STORED DATA.
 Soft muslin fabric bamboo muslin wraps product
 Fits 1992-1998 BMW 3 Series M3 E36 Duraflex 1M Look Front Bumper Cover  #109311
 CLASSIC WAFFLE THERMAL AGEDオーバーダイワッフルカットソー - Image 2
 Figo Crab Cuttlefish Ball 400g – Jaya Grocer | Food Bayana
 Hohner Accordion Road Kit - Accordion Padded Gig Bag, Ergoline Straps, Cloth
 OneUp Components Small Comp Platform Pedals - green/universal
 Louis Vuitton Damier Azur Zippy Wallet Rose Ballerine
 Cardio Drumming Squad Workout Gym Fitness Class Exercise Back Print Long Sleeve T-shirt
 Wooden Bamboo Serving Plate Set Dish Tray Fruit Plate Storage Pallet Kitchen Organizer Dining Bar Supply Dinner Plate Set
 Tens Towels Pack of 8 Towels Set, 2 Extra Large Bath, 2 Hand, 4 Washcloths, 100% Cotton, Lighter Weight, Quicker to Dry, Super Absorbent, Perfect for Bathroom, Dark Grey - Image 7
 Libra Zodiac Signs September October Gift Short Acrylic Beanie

YOUR GOAL. Please transcribe exactly the line containing "Louis Vuitton Damier" and every line after it through the end of the records, and nothing else.

ANSWER SECTION.
 Louis Vuitton Damier Azur Zippy Wallet Rose Ballerine
 Cardio Drumming Squad Workout Gym Fitness Class Exercise Back Print Long Sleeve T-shirt
 Wooden Bamboo Serving Plate Set Dish Tray Fruit Plate Storage Pallet Kitchen Organizer Dining Bar Supply Dinner Plate Set
 Tens Towels Pack of 8 Towels Set, 2 Extra Large Bath, 2 Hand, 4 Washcloths, 100% Cotton, Lighter Weight, Quicker to Dry, Super Absorbent, Perfect for Bathroom, Dark Grey - Image 7
 Libra Zodiac Signs September October Gift Short Acrylic Beanie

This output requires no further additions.